Study of Exonic Variation Identifies Incremental Information Regarding Lipid-Related and Coronary Heart Disease Genes
Recently, a modest-sized population-based study of exonic variants facilitated the identification of the causal gene, TM6SF2, in a gene-rich locus on 19p1 previously associated with cholesterol levels in blood. The study also provided compelling functional validation of the locus and evidence at the population level that interference with the function of this gene may substantially reduce the risk of coronary artery disease. The study highlights the potential utility of large-scale studies of coding variants but also hints toward the need of much larger studies to provide insight at other loci. Conducting such studies in parallel with association studies of variation in well-annotated regulatory regions is likely to ultimately yield the highest returns.

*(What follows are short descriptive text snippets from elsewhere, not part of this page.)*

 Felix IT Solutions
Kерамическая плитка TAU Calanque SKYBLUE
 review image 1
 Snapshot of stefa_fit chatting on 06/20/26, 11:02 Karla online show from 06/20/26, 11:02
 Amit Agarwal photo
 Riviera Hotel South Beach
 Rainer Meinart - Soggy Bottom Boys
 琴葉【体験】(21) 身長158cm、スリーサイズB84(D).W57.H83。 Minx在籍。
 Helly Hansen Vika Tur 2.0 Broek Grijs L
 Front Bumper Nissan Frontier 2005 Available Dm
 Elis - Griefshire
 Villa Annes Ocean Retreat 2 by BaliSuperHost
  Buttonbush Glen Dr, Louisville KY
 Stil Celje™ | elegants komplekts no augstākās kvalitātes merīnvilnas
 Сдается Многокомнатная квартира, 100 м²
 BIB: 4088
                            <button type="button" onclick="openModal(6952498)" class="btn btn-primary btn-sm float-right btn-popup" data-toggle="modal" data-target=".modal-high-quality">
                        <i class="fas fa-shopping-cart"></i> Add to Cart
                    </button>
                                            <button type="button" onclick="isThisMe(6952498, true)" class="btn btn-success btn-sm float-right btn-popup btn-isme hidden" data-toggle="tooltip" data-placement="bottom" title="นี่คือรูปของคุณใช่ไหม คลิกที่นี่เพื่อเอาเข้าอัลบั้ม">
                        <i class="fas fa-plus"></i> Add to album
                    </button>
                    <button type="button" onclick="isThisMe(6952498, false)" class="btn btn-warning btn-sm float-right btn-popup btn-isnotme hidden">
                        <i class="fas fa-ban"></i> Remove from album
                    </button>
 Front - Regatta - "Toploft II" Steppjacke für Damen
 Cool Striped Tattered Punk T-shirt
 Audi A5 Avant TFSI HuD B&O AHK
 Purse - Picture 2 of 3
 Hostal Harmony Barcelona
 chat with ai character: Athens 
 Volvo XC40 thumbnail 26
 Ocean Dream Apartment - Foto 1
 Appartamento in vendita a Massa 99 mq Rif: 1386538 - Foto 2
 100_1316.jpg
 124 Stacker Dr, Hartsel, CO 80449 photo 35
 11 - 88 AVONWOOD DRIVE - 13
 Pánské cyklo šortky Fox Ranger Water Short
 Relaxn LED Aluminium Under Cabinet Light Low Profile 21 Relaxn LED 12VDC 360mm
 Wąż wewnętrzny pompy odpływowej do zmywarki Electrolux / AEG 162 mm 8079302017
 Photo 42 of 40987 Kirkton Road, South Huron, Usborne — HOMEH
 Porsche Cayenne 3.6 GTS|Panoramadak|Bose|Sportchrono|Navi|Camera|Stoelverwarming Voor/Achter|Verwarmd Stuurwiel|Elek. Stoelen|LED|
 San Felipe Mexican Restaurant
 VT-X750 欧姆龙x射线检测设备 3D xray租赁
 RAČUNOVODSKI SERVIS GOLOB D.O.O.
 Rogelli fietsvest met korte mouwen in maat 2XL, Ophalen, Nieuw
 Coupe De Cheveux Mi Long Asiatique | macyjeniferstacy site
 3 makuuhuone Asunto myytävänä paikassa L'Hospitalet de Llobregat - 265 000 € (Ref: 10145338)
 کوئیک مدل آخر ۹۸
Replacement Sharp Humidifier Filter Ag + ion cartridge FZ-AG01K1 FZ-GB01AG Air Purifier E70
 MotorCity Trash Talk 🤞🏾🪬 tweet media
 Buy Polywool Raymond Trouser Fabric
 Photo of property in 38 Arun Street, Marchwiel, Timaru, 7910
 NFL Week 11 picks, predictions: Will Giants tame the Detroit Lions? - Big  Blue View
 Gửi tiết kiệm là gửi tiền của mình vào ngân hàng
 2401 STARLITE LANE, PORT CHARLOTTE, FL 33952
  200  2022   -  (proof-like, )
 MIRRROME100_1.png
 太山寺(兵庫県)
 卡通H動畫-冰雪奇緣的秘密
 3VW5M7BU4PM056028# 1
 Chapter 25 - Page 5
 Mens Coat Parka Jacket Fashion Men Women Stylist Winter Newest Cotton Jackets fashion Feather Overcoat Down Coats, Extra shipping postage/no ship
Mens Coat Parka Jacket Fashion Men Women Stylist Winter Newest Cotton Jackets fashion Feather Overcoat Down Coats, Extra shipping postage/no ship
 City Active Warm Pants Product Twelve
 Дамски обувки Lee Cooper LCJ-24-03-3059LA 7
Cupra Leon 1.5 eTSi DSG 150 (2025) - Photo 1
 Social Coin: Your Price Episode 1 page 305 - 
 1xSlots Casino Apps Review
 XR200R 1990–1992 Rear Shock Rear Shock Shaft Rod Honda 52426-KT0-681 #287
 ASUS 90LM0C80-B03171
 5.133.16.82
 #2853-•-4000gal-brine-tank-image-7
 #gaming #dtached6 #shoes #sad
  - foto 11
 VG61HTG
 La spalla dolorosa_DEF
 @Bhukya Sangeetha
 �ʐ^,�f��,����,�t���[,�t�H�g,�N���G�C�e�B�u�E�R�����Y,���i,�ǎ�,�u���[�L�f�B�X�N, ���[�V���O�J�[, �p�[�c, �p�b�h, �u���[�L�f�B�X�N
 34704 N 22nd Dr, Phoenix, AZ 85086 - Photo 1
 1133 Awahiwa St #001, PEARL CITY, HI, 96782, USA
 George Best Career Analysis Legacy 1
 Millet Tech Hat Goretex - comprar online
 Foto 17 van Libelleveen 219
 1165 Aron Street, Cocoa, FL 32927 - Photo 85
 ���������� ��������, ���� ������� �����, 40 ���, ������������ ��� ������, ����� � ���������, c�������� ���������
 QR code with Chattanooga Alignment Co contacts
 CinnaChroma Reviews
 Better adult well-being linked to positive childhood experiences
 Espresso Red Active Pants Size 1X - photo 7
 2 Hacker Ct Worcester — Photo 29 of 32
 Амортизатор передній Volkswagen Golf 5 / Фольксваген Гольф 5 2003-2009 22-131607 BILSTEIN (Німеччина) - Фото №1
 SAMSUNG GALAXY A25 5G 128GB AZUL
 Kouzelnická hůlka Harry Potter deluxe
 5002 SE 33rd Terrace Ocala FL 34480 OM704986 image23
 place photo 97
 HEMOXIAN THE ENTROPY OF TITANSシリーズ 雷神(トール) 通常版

Genome-wide association studies (GWAS) conducted over the past decade have identified many regions of the genome harboring common susceptibility variants for complex traits.1 For many traits, the overall proportion of the genetic variance explained by GWAS to date remains modest.2 A few exceptions exist including blood levels of lipids where large meta-analyses have successfully identified >150 loci for total cholesterol (TC), low-density lipoprotein (LDL), high-density lipoprotein (HDL), and triglycerides.3,4 Remarkably, these discoveries seem to explain more than one quarter of the genetic variance of each trait.3,4
A majority of these GWAS loci are novel and have not been previously linked to lipid biology.3,4 For many, the lead single-nucleotide polymorphism (SNP) falls in noncoding regions of the genome and the association interval stretches over several kilobases often overlapping several candidate genes.3,4 This situation makes it extremely challenging to determine the causal gene. Several population genetic approaches can be used to help identify the causal gene. First, one can examine the same risk interval in multiple racial groups with the hope that differences in linkage disequilibrium among groups will narrow the interval significantly.5 However, this approach may not be practical if very large samples of other racial groups either do not exist or have not been genotyped. Furthermore, this approach may not be feasible if adequate haplotype diversity is lacking across racial groups in the region of interest.5 A second more straightforward method involves the careful survey of all exonic SNPs that are highly correlated with the index GWAS SNP. Most of these SNPs will by necessity be common and already known, allowing them to be reliably imputed if they have not already been genotyped directly. However, a small fraction of such SNPs may have escaped detection to date particularly if they are population-specific. Lastly, systematic assessment of coding variation in the region through targeted sequencing or genotyping of less common and rare variants in a population sample may point to the causal gene through the identification of ≥1 novel coding variants that are strongly associated with the phenotype.6 Such SNPs are much more likely to have a lower frequency and to be statistically independent of the index GWAS SNP allowing the causal gene to emerge.
Holmen et al7 recently leveraged the last 2 approaches to gain insight into the mechanism of association at several loci related to blood lipids. In this work, investigators applied Illumina’s HumanExome BeadChip array on 5771 white participants of the Norwegian Nord-Trondelag Health (HUNT) study to examine exonic variation in subjects with and without a history of myocardial infarction.8 The chip allowed for the cost-effective examination of >80 000 exonic variants identified in previous large-scale exome sequencing projects with >80% of these having a minor allele frequency <5%.7 The investigators used low-pass whole-genome sequencing in a small subset of samples to estimate that ≈70.9%, 77.4%, and 78.0% of rare, low-frequency, and common coding variants had been captured by the HumanExome BeadChip array.7 The sequencing also confirmed the overall high quality of the genotype calls for the SNPs on the array irrespective of allele frequency.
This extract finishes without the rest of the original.